As is well known, Rome
II governs the applicable law where an accident occurs abroad from 1st
January 2009. Whilst article 15 (c)
extends the scope of the applicable foreign law to issues concerning the existence, nature and assessment of damages or the remedy claimed, article 1.3 excludes this from matters of evidence
and procedure; without prejudice, of course, subject to certain exceptions that do not concern us here.
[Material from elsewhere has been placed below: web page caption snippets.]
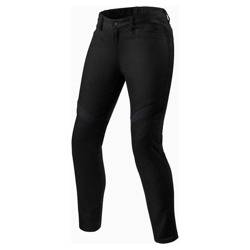 Foto: Elin Ladies Broek (FPT121)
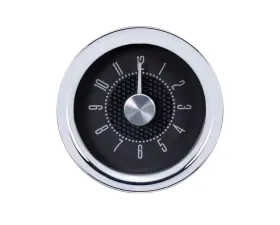 Dakota Digital RLC Clock Chevrolet Corvette 1958-1962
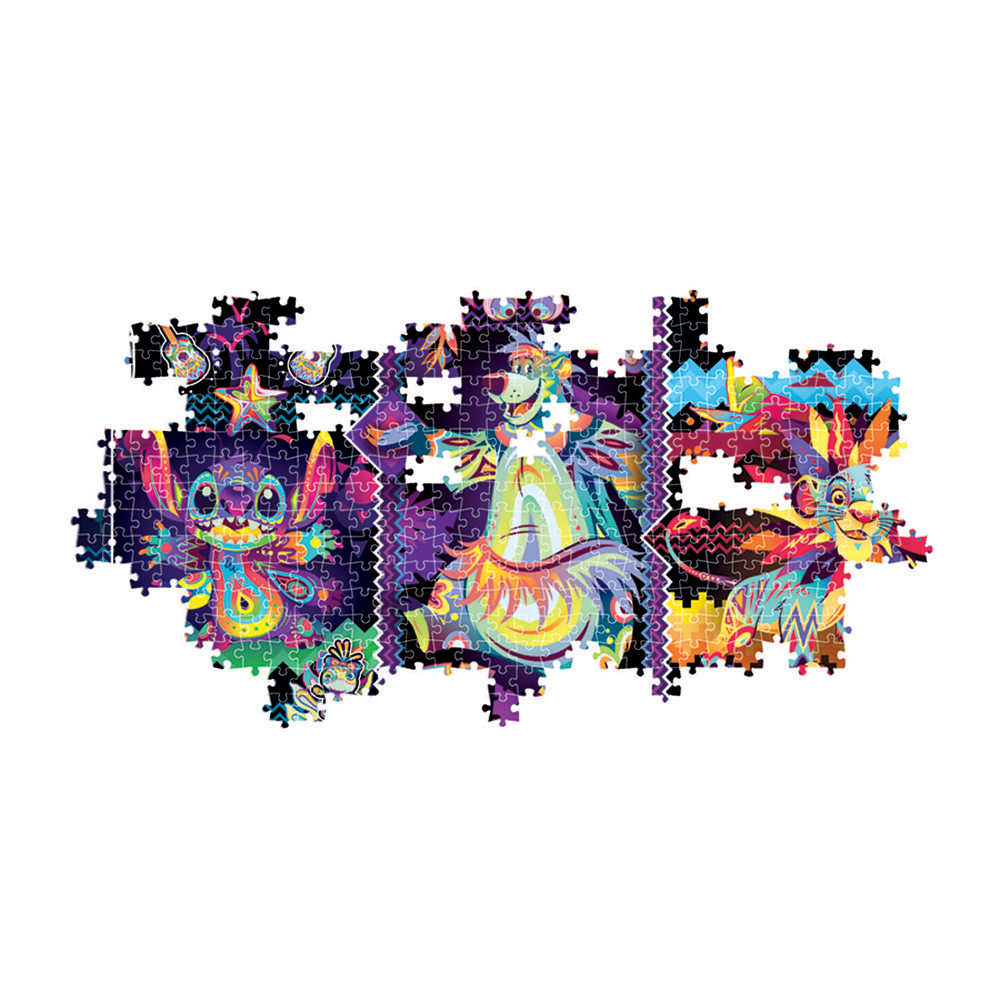 1220-39876-11-68d5235a941cf1053a40225f_1758808823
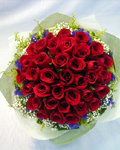 send gift to bangladesh, send gifts to bangladesh, send Hand Bouquet to bangladesh, bangladeshi Hand Bouquet, bangladeshi gift, send Hand Bouquet on valentinesday to bangladesh, Hand Bouquet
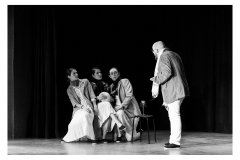 2024.-Tete-A-trac-Premiere.67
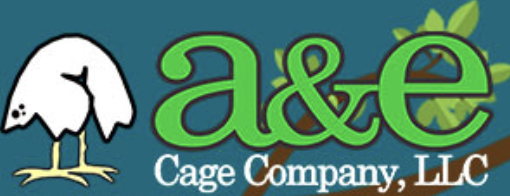 A&amp;E Cage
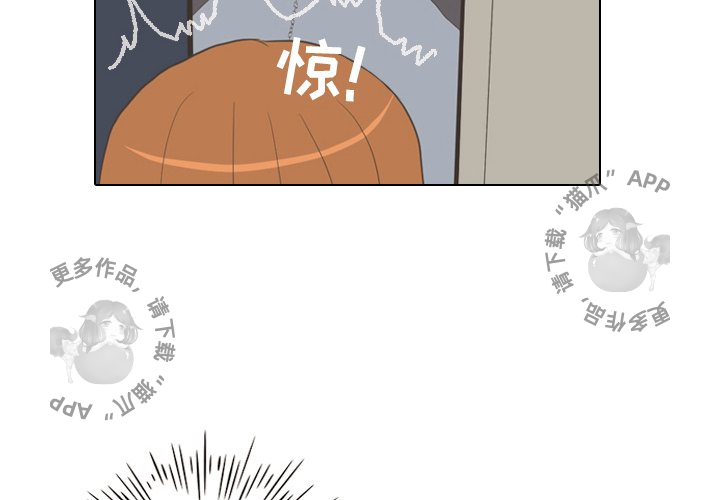 第8话_83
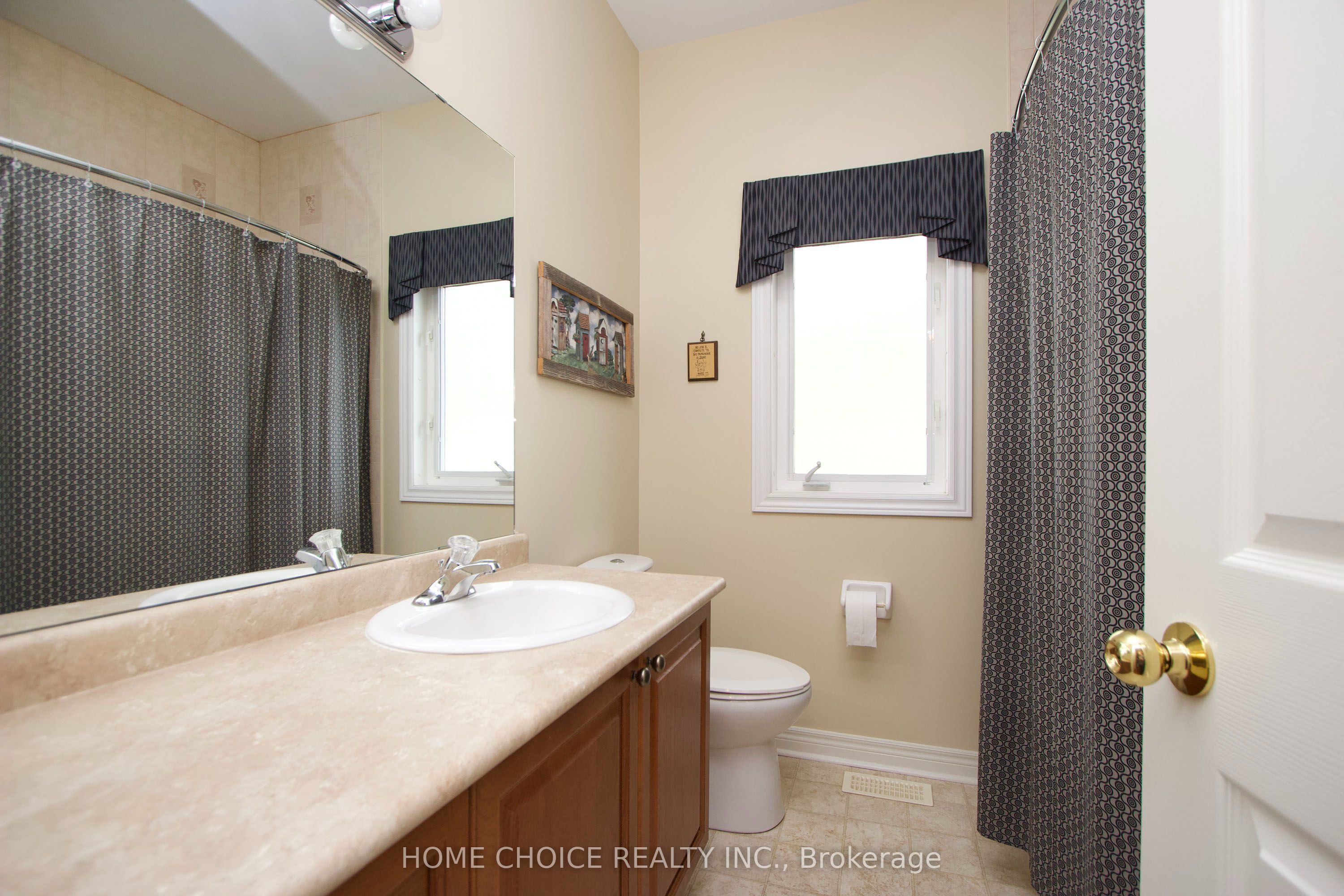 8 Hinkley Trail Property Photo 8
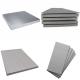 HL 304 Hairline Stainless Steel Sheet Customized 3mm Cold Rolled Steel Sheet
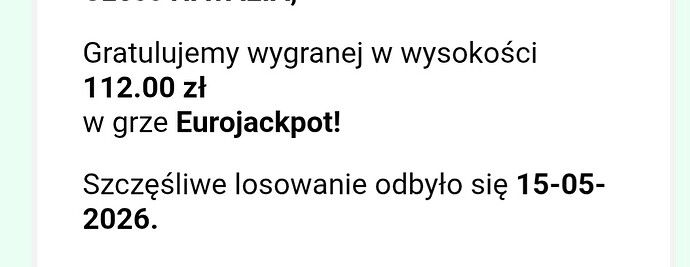 Screenshot_20260515_204739_Gmail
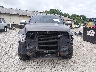 3C6UR5CL9GG****** Used 2016 RAM 2500 in Kentucky State
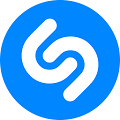 Shazam识别音乐 最新版本v14.48.0-241017 下载-Shazam安卓下载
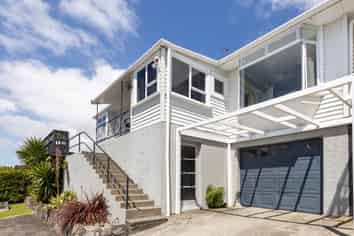 50 Calvert Road, Lynmouth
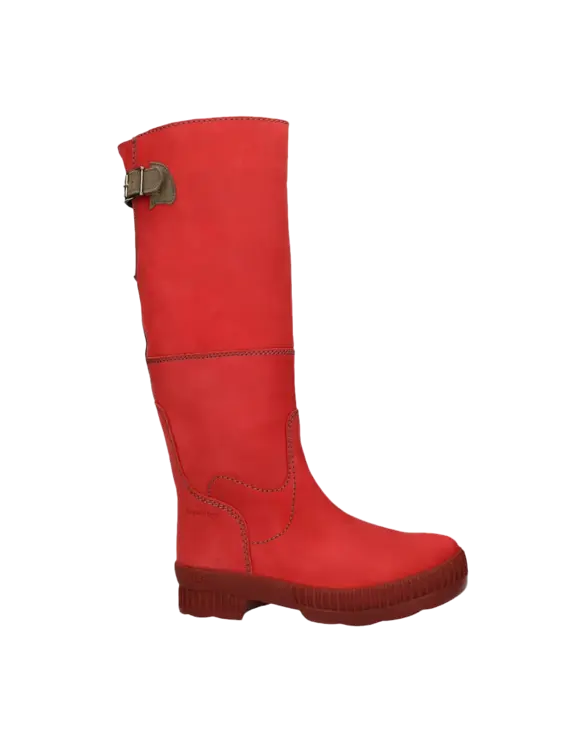Adora - Outdoor laarzen - Dames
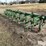 john-deere-rm-image-5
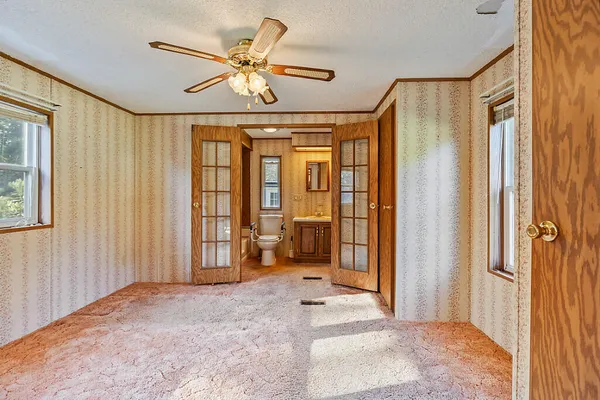 $1,200,000 | 41 Milkweed Lane, Sidney, ME 04330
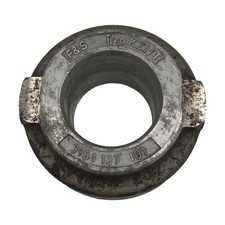 Mercedes W108 W109 W111 W113 M130 Release Bearing Sachs 3151137101 / Type KZI/T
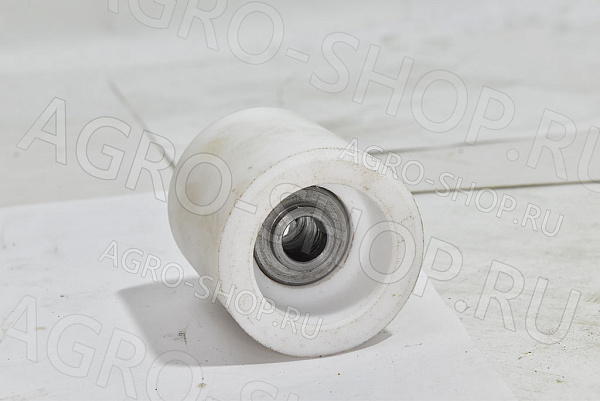 Ролик 150-3.37.09.000 в сборе РВС-2500 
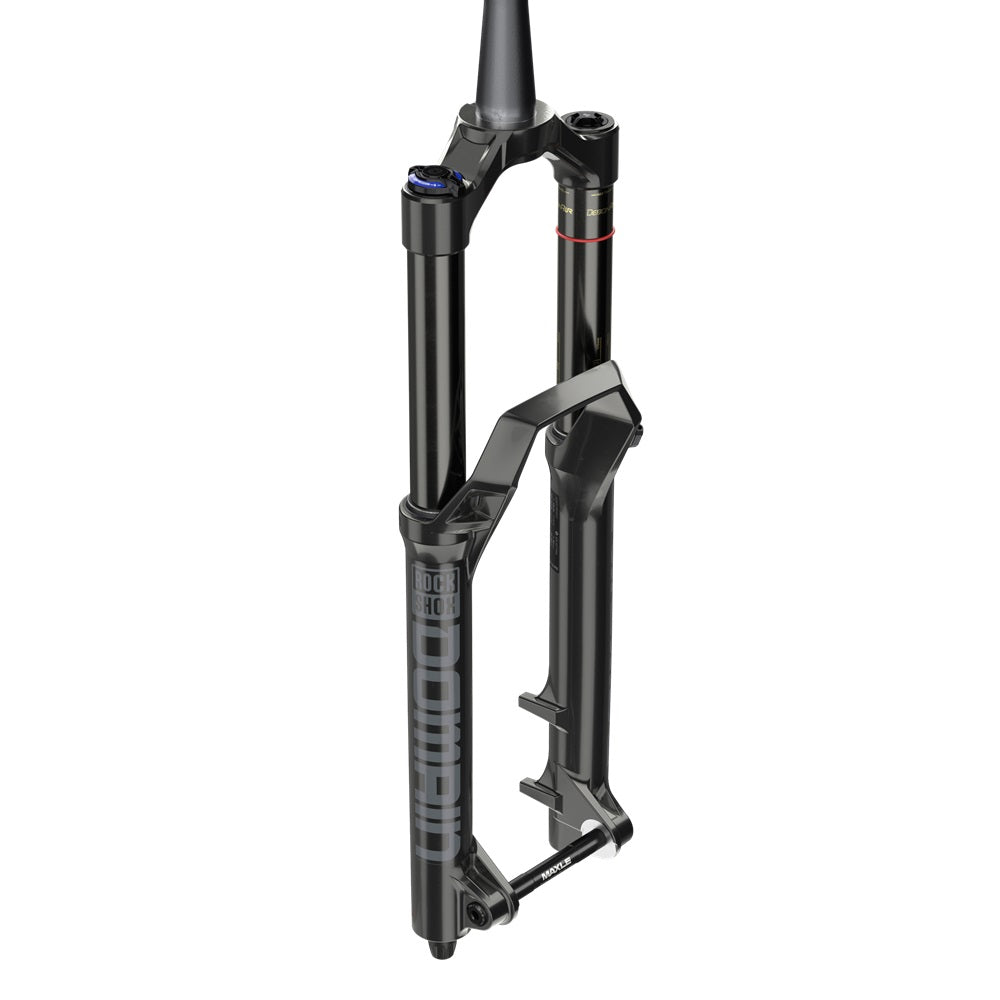 Horquilla RockShox Domain RC 29 44OS Boost 170mm Negro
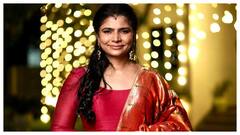 Chinmayi Sripaada Responds To Troll Who Mocked Her Sexual Assault Story: 'Vanish Into Thin Air'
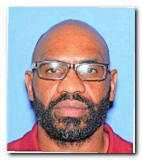 Offender Dexter Raymon Dunn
Wall v Mutuelle de Poitiers Assurances
[2014] EWCACiv 138 is important to anyone who handles personal injury claims featuring an accident abroad. It concerned a foreign insurer that sought to impose the French approach to
quantifying Steven Wall’s catastrophic injury claim, because the accident took
place in France. Clearly the basic applicable law was that of France. The French insurers want to appoint a single expert consistent with the continental
model of inquisitional investigation.
They failed.
Given that there were 1.5 million
road accident injuries in the EEA in 2009-2010, and that economic migration
within the EEA seems likely to increase, it seem reasonable to suppose that foreign
accident claims are likely to become a more common feature of personal injury
practice. So anything that makes the
process of running such a claim a little easier is to be welcomed. Robert Weir’s success in this appeal achieves
just that. Wall
simplifies some of the procedural aspects of accidents that occur in a foreign
jurisdiction where Rome II stipulates that foreign law applies, especially those
concerning the quantification of loss.
In essence the Court of Appeal concluded in Wall that it would be
impractical to expect an English judge to apply foreign procedural rules,
evidential standards and protocols when attempting to quantify the loss of a UK
resident injured abroad. Paragraphs 12
to 14 of the Longmore LJ's judgment indicate some of the difficulties that
would result if otherwise.
Accordingly
in England and Wales the courts will
follow the evidential practices prescribed by the Civil Procedural Rules. So CPR
Part 35, which we love and hate in equal measure, will govern the expert evidence required
to quantify the loss, in so far as each head of loss claimed is recoverable
under the foreign law. The ruling has echoes of the pre-Rome II ratio in Harding v
Wealands [2007] AC 1 but there are subtle differences. Furthermore, anyone hoping to secure a periodical payments order against a foreign insurer is likely to be disappointed
I reported the first instance
decision last
month because its importance appeared to have escaped the notice of
most commentators; it still has. So I am glad to report that the original decision has been upheld.